Better to oppose Bush and America's allies — I meant: better to fire broadside after broadside on Bush and America's allies, unceasingly — all the while railing about the evils of capitalism, than do anything about countries as bad as Saddam's Iraq and crimes of any government but those linked to Uncle Sam and/or spend time detailing the humanitarians' (i.e., one's own) links with such régimes. (Here — thanks to Chrenkoff — is more news that Europe's media thinks fit to largely overlook…)
As David und Ray would say:
biased journalism as usual: Human rights abuses are condemned if the US government is involved. If not, if it's just plain vanilla torture without connection to the US government, reporting hits a dull streak.Which brings us to this other news from Africa (thanks to Stavn Piranha), which has been largely absent from the pages and airwaves of France:
Rwandan government officials claim that new proof of France's role in the 1994 Rwanda genocide has emerged during the UN's Rwanda court hearings.

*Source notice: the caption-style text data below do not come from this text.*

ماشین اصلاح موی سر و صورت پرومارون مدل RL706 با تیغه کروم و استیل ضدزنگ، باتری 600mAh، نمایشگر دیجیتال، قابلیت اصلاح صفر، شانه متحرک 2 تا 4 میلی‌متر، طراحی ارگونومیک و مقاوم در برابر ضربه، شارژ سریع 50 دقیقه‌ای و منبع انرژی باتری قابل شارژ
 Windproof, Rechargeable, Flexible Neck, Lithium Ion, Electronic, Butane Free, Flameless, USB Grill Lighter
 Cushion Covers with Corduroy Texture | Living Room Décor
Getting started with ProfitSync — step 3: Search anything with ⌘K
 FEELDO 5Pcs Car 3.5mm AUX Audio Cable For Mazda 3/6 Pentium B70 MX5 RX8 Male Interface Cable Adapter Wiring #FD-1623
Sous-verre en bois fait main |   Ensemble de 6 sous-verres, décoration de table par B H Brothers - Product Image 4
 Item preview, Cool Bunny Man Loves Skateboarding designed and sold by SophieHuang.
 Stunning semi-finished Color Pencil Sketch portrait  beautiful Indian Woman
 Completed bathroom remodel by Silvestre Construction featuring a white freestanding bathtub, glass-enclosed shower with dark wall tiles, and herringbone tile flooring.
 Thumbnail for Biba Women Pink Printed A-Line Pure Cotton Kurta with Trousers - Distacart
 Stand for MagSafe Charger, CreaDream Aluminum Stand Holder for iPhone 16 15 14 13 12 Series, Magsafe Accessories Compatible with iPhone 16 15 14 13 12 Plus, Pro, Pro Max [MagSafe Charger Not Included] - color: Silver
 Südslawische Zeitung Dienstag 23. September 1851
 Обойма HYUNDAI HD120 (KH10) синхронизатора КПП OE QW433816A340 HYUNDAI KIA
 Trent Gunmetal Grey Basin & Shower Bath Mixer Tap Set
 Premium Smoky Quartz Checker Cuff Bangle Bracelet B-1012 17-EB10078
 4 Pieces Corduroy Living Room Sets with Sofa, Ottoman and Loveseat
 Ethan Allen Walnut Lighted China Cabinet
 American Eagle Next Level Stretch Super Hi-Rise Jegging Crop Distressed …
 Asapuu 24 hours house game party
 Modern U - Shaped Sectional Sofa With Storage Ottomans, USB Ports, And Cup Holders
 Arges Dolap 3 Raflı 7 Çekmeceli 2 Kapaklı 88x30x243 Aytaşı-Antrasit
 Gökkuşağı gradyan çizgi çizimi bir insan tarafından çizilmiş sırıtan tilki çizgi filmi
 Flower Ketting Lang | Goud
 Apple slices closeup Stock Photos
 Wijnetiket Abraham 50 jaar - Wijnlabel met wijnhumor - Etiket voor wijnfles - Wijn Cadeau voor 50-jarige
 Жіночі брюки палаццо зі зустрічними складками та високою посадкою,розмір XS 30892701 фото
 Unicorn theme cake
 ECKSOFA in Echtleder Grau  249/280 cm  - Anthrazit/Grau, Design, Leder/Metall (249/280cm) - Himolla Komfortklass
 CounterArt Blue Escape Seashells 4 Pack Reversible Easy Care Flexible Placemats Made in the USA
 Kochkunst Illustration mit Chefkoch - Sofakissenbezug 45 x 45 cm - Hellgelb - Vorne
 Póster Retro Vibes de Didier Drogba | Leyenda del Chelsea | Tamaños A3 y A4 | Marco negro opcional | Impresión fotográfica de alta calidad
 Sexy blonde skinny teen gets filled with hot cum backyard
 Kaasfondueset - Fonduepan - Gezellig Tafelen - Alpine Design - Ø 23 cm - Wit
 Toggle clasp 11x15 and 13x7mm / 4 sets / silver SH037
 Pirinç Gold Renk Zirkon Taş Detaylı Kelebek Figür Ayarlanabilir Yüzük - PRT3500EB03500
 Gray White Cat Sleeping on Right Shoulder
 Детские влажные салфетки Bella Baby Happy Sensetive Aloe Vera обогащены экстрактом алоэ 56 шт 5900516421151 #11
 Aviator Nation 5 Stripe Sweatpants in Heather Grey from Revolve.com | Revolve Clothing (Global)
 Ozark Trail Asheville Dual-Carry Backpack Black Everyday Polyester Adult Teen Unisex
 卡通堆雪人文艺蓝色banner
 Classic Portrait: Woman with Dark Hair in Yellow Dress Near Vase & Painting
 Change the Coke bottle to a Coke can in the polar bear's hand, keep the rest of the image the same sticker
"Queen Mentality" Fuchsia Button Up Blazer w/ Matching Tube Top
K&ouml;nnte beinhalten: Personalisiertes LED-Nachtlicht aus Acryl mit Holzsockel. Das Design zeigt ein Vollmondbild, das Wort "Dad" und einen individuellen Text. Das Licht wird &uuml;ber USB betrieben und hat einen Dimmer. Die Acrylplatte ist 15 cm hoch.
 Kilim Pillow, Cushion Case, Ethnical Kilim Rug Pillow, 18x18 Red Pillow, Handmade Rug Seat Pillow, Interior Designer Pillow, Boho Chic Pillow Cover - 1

Not only was France training the genocidal militias prior to the genocide, the French government was even today providing perpetrators of the genocide a refuge. France has earlier been criticised by a European court for not trying genocide suspects.Update: from the BBC (thanks to GPR)
Aloys Mutabingwa, the Rwandan government's envoy to the UN-backed International Criminal Tribunal for Rwanda (ICTR), … repeated the more known allegations that France keeps interfering with justice by providing a shelter for suspected genocide perpetrators. Several main suspects are still said to be at large in France, allegedly under the protection of the Paris government.